#### TASK
No picture should appear in the copy. Transcribe exactly, and only, the lines from the one with "Jeweled Brass Hand" through the last line of the data below.

#### RECORDED DATA
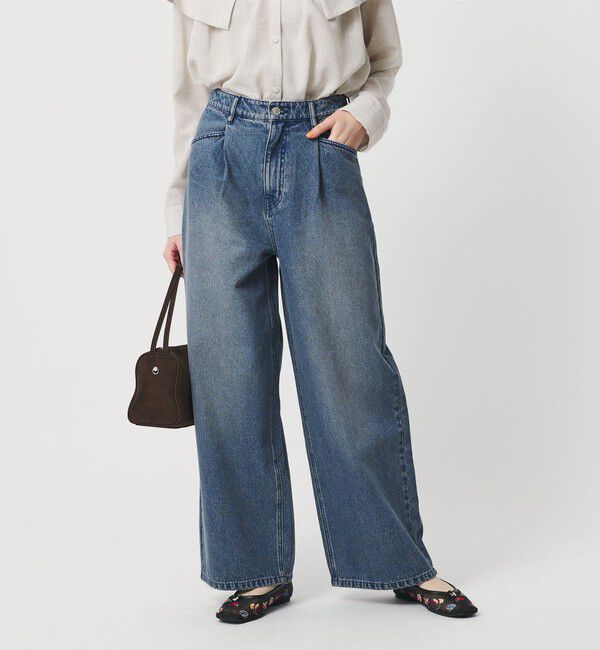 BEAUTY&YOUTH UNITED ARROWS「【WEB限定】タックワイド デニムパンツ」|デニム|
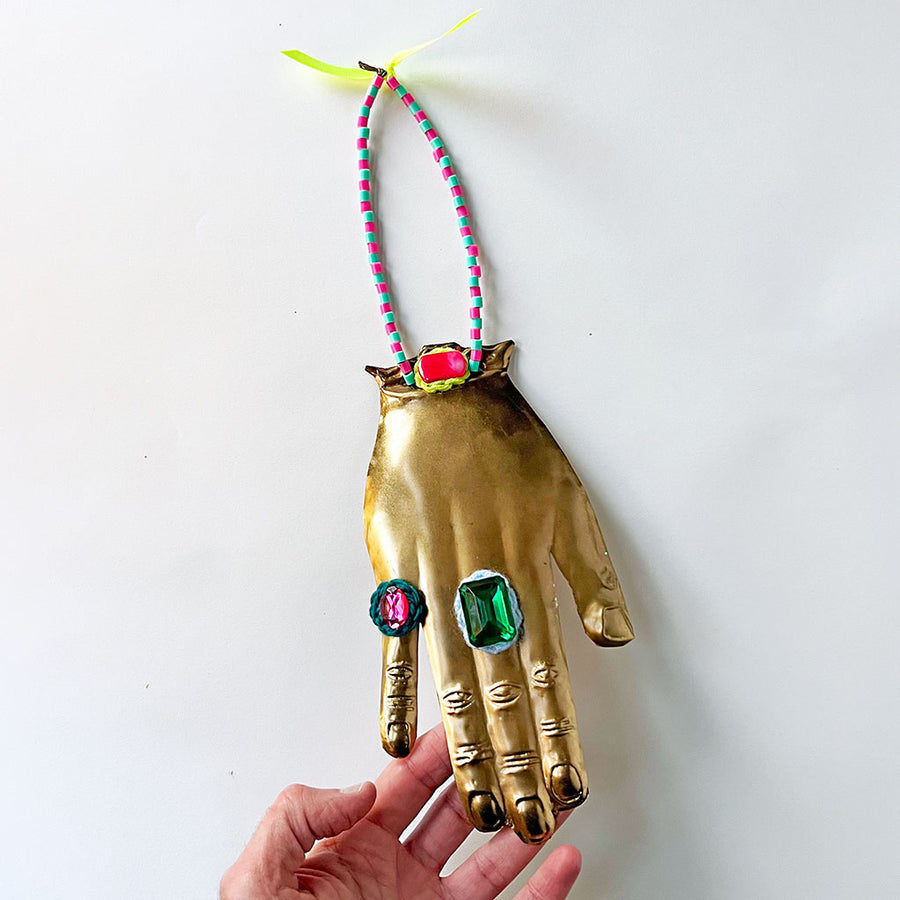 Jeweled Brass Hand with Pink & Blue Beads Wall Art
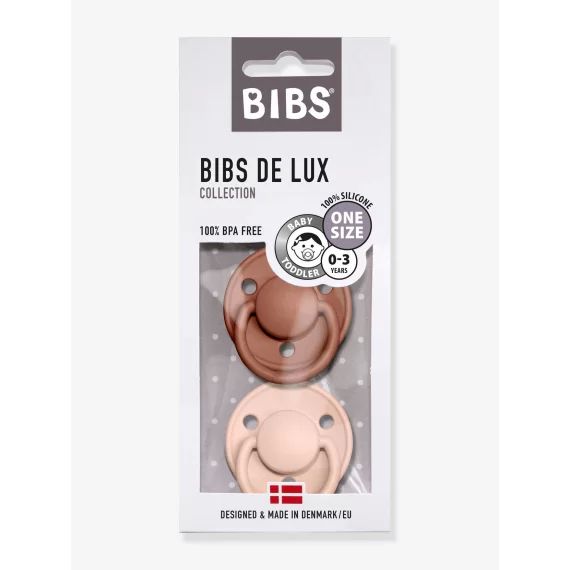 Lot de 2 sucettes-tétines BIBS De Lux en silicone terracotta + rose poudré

#### SOLUTION BELOW
 Jeweled Brass Hand with Pink & Blue Beads Wall Art
 Lot de 2 sucettes-tétines BIBS De Lux en silicone terracotta + rose poudré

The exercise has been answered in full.